● Problem statement
A word-for-word copy of the data is what's wanted; pictures stay out of it.

● Dataset excerpt
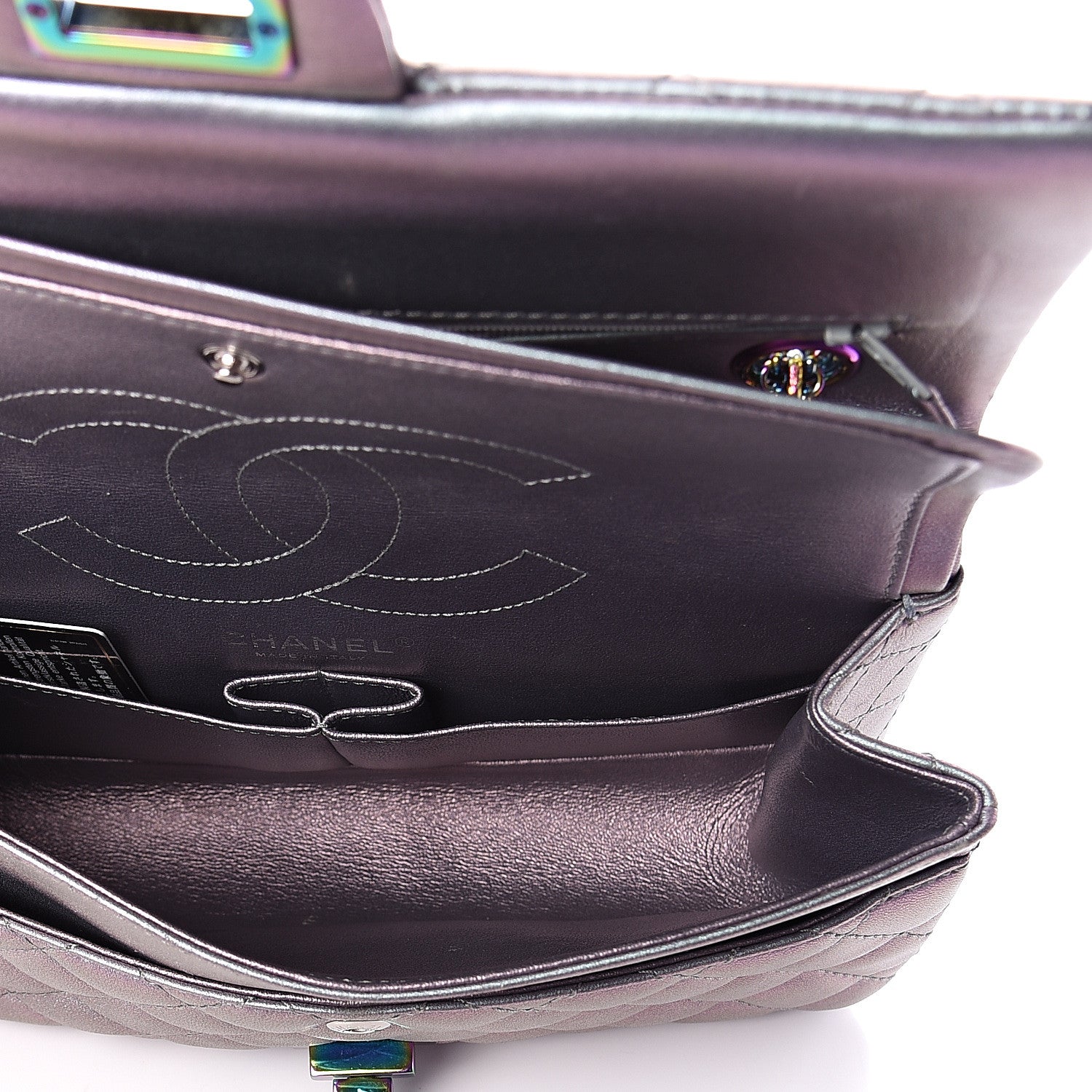 Chanel Iridescent Lambskin Quilted 2.55 Reissue 225 Flap Light Purple 4 of 8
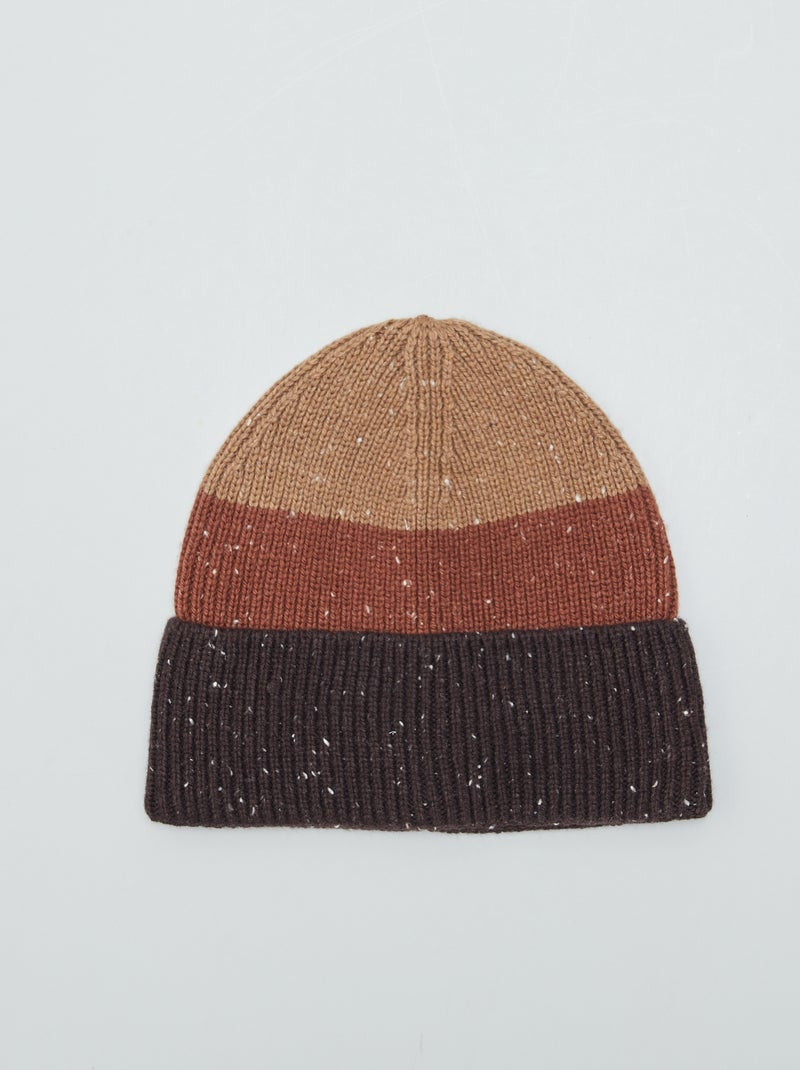 Gorro de punto MARRON - Kiabi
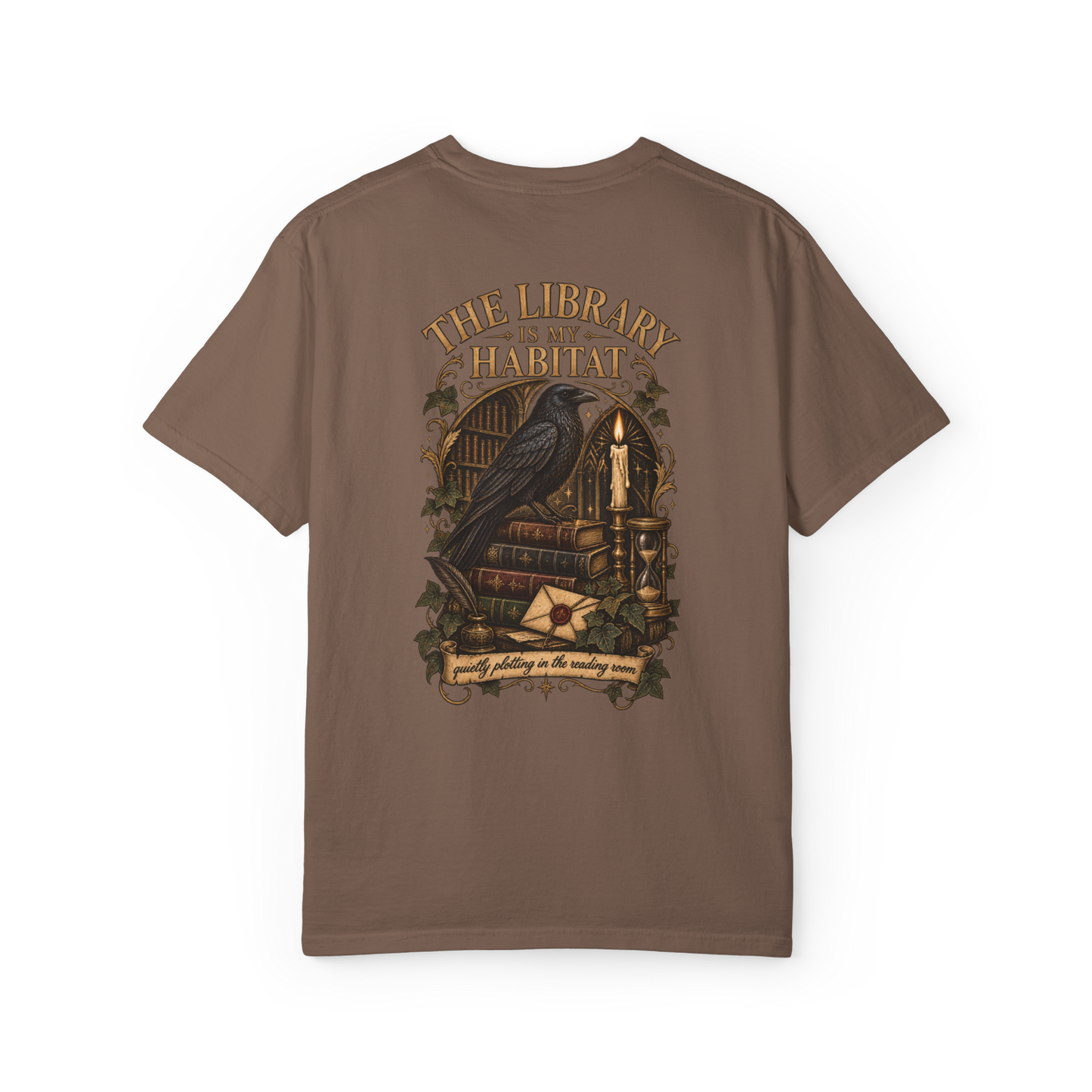 The Library Is My Habitat Tee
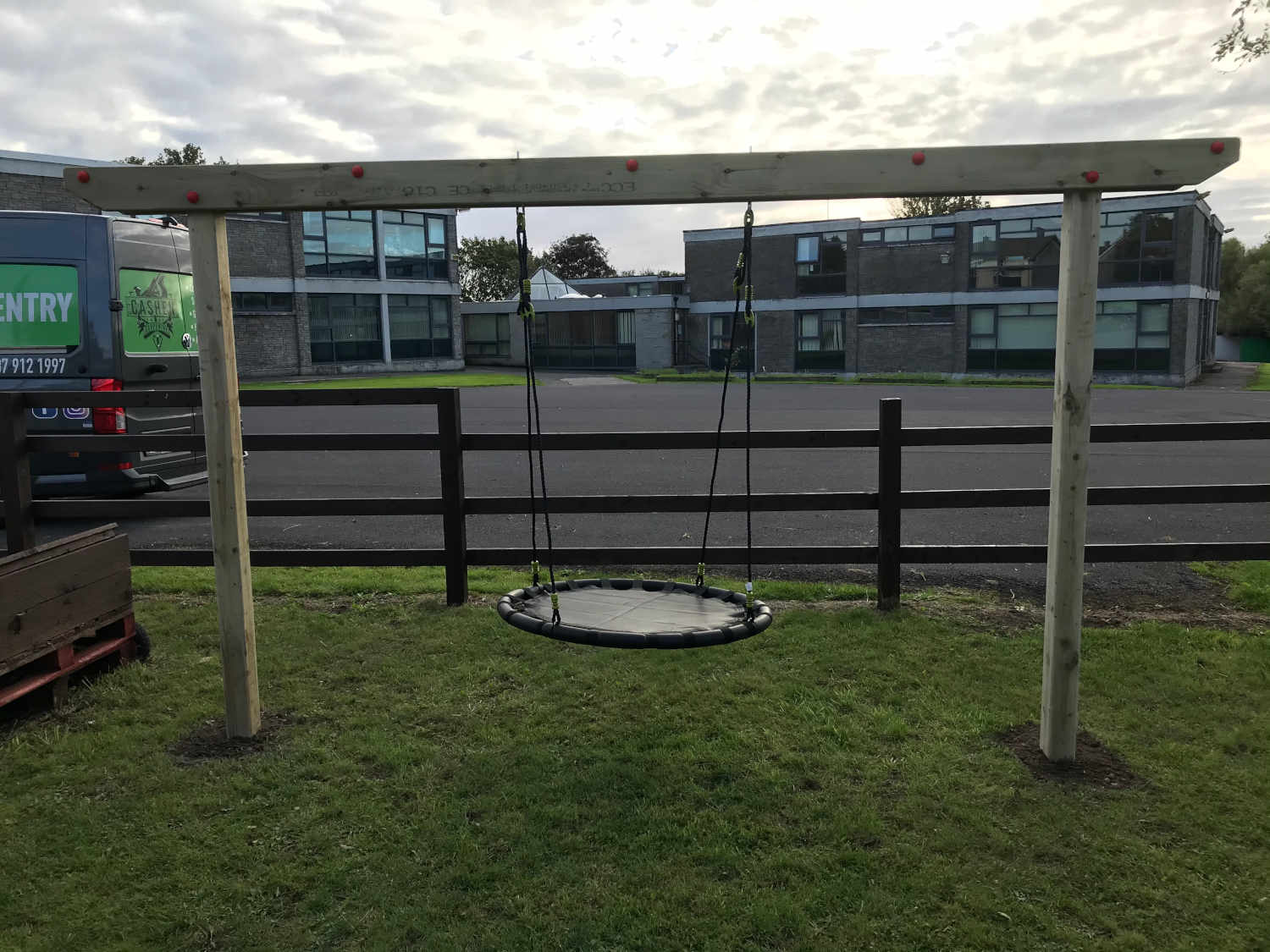 Two Post Swing Set Cashen Carpentry Galway Carpenters Home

● Completed task
 Chanel Iridescent Lambskin Quilted 2.55 Reissue 225 Flap Light Purple 4 of 8
 Gorro de punto MARRON - Kiabi
 The Library Is My Habitat Tee
 Two Post Swing Set Cashen Carpentry Galway Carpenters Home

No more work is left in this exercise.